Per Enzo Ferrari non fu molto diverso. A far scoccare la scintilla per lo sport dei motori fu la Coppa Florio del 1908, una gara che si svolse a Bologna e alla quale il padre Alfredo portò i figli ad assistere. La vita di Enzo non sarebbe più stata la stessa: il suo rendimento scolastico non era affatto eccellente, di ottimo livello erano invece le doti di inventiva, al pari di quelle pratiche nell’officina del padre.
Lavorare nella meccanica non fece altro che far crescere in lui la passione per quegli oggetti così imponenti, le auto ma anche camion e altri mezzi, che amplificavano i poteri dell’uomo rendendolo capace di imprese sempre più ambiziose.
La Prima Guerra Mondiale non fece altro che affinare e snellire i processi di costruzione di mezzi a motore e così dal primo conflitto l’automobilismo sportivo ricevette la spinta decisiva per diventare un fenomeno ancora più diffuso. Anche grazie a questo il sogno di Enzo, figlio di quella passione nata una decina di anni prima, divenne accessibile e nel 1919, a soli 21 anni, era in pista nella sua prima corsa, al volante della CMN costruita da Ugo Sivocci a Milano, azienda presso la quale Ferrari era stato assunto anche come collaudatore.

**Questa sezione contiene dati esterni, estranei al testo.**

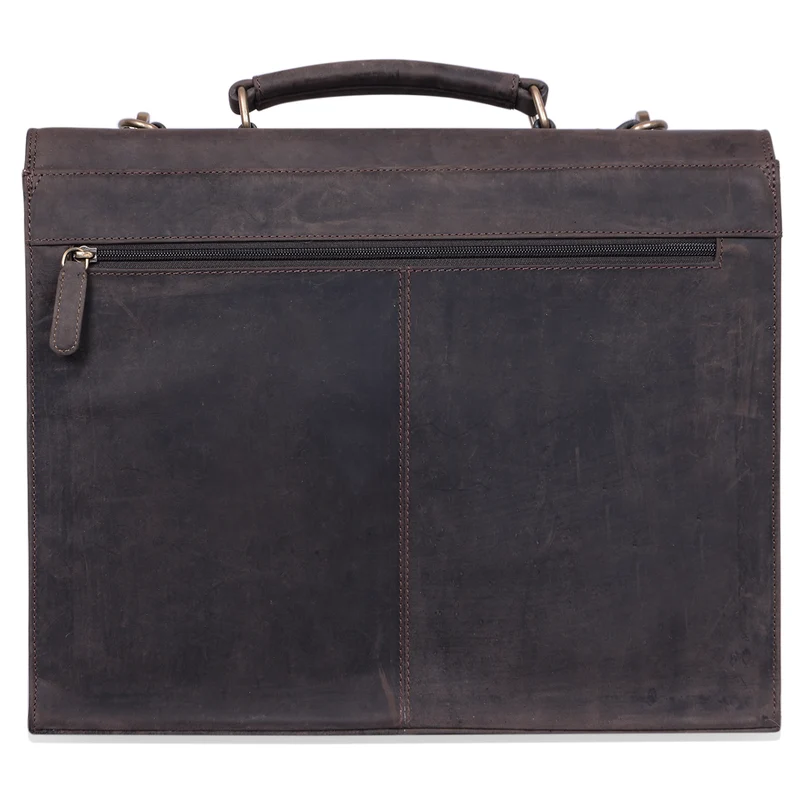 B-WARE "Constantin" Vintage Lehrertasche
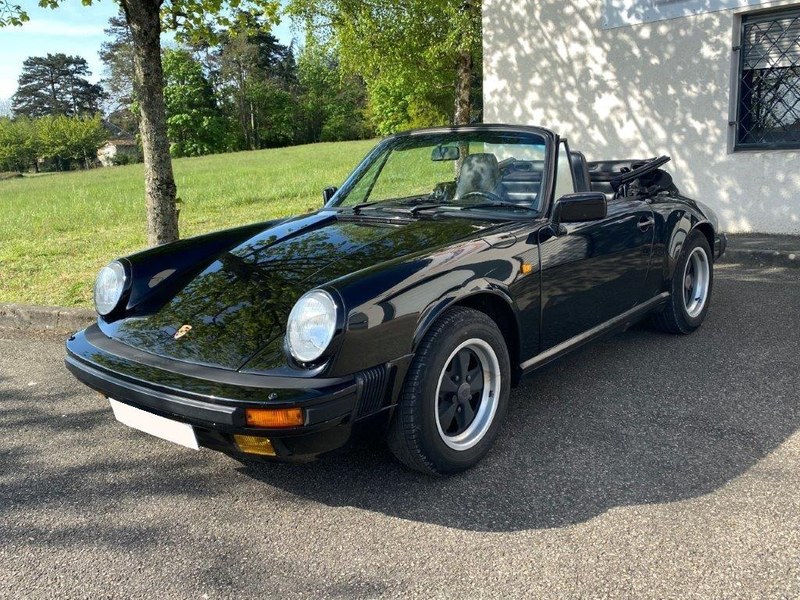 1989 Porsche 911 Carrera Series G, foto 3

L’anno seguente corse alcune gare con una Isotta Fraschini, ma fu con l’Alfa Romeo che Enzo ottenne i suoi migliori risultati, con vittorie di categoria alla Targa Florio, a Gallarate, al Mugello e ad Aosta. Nel 1923 colse anche la sua prima affermazione assoluta, un successo destinato a cambiare per sempre il corso delle cose.
Fu proprio in occasione della vittoria al Circuito del Savio del 1923 che incontrò il conte Baracca, padre dell’eroico aviatore della Prima Guerra Mondiale, Francesco, che successivamente gli avrebbe presentato la moglie Paolina. Fu lei, secondo il racconto dello stesso Enzo, a dirgli di usare sulle proprie vetture il cavallino rampante, il simbolo che suo figlio portava sull’aereo. “Le porterà fortuna”, gli disse. E fu proprio così.
Solo un sentimento forte può mettere le briglie a una grande passione. Quel sentimento aveva un nome preciso: Dino, il primogenito di Enzo, per il quale Ferrari smise di correre dopo essere giunto secondo, il 9 agosto 1931, al Circuito delle Tre Province che si svolgeva nei territori di Bologna, Pistoia e Modena.
Dal 1932 Ferrari trasferì la sua passione nel pilotare nella sua creatura sportiva. La Scuderia Ferrari, fondata nel 1929, da quell’anno iniziò a sfoggiare il Cavallino Rampante sulle Alfa Romeo che schierava. Per Enzo Ferrari le corse rimanevano dunque il primo pensiero, cambiava solo la prospettiva dalla quale le viveva.
Finché è rimasto in vita ogni pilota delle sue vetture, sia in Formula 1 sia nelle gare di durata, venne scelto personalmente da lui, con intuizioni spesso geniali – Niki Lauda e Gilles Villeneuve per dirne due – che solo uno che il pilota lo aveva fatto per davvero poteva riuscire a mettere a fuoco.